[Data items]
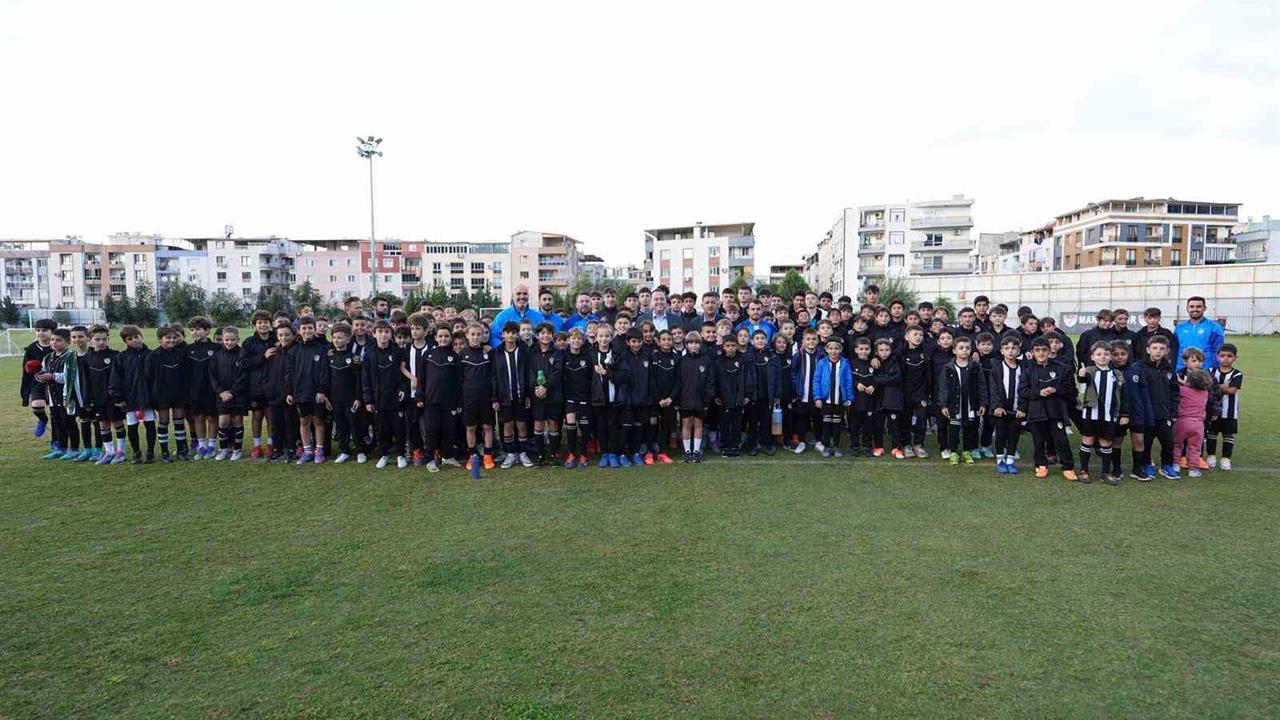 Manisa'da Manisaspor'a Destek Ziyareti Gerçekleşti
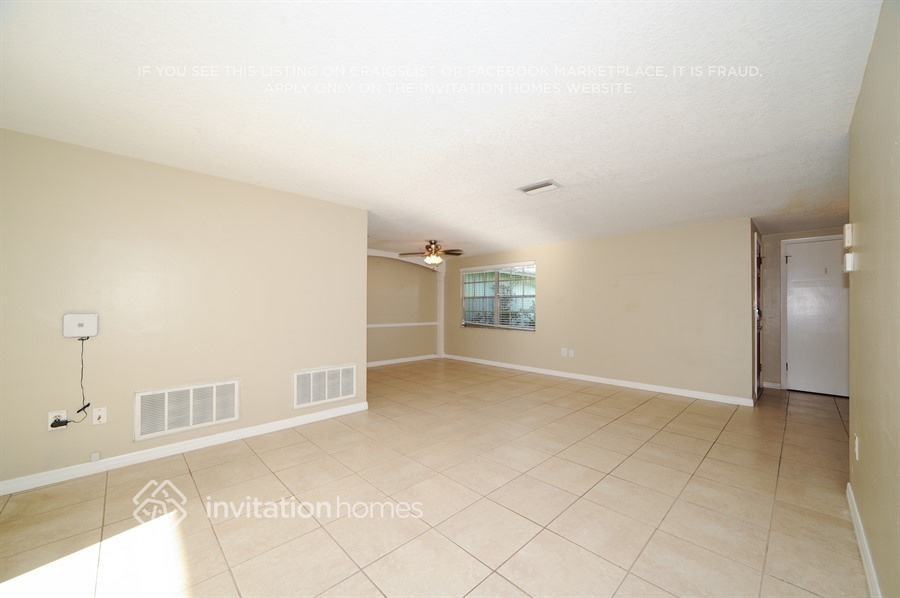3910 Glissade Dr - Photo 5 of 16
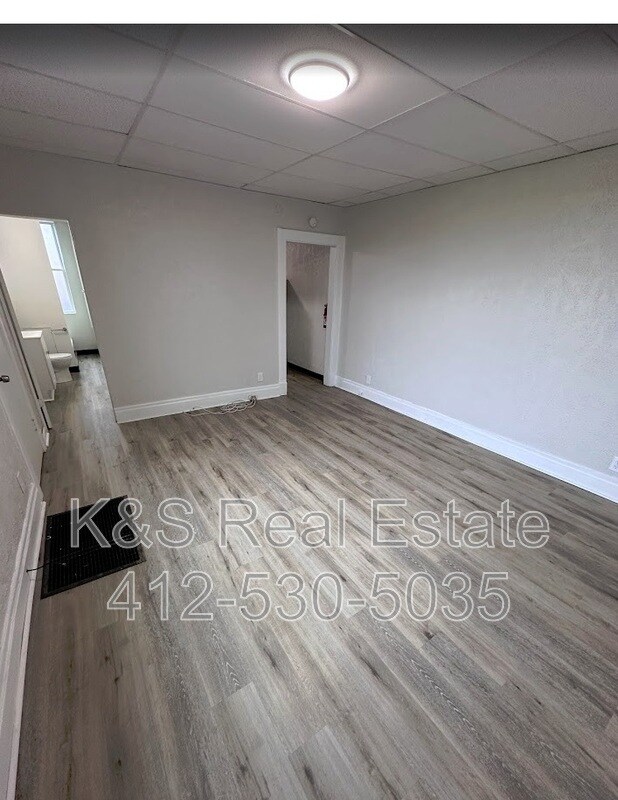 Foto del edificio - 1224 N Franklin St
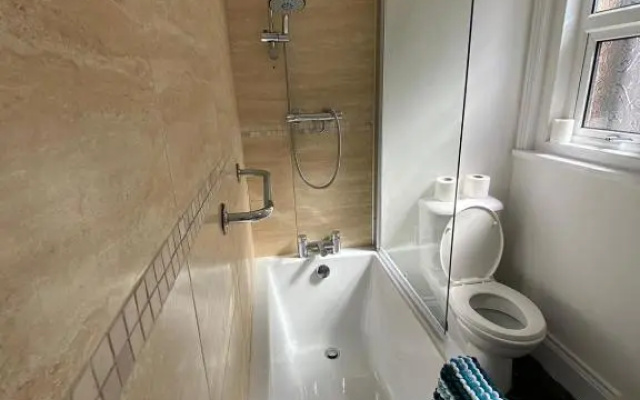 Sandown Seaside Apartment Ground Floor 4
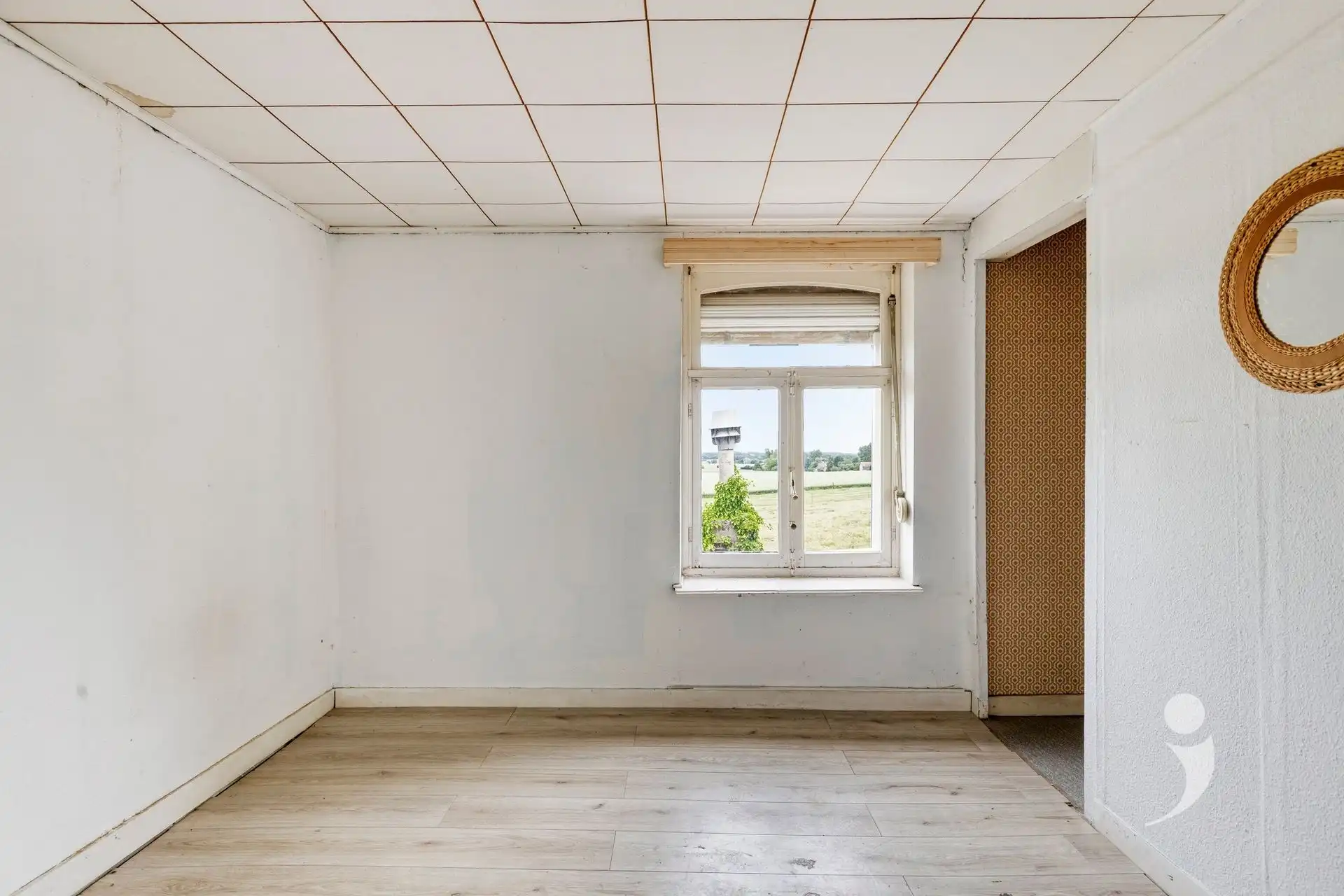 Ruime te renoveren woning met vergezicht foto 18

# Task brief
Drop the images; copy every entry above exactly.

# Result of this task
 Manisa'da Manisaspor'a Destek Ziyareti Gerçekleşti
3910 Glissade Dr - Photo 5 of 16
 Foto del edificio - 1224 N Franklin St
 Sandown Seaside Apartment Ground Floor 4
 Ruime te renoveren woning met vergezicht foto 18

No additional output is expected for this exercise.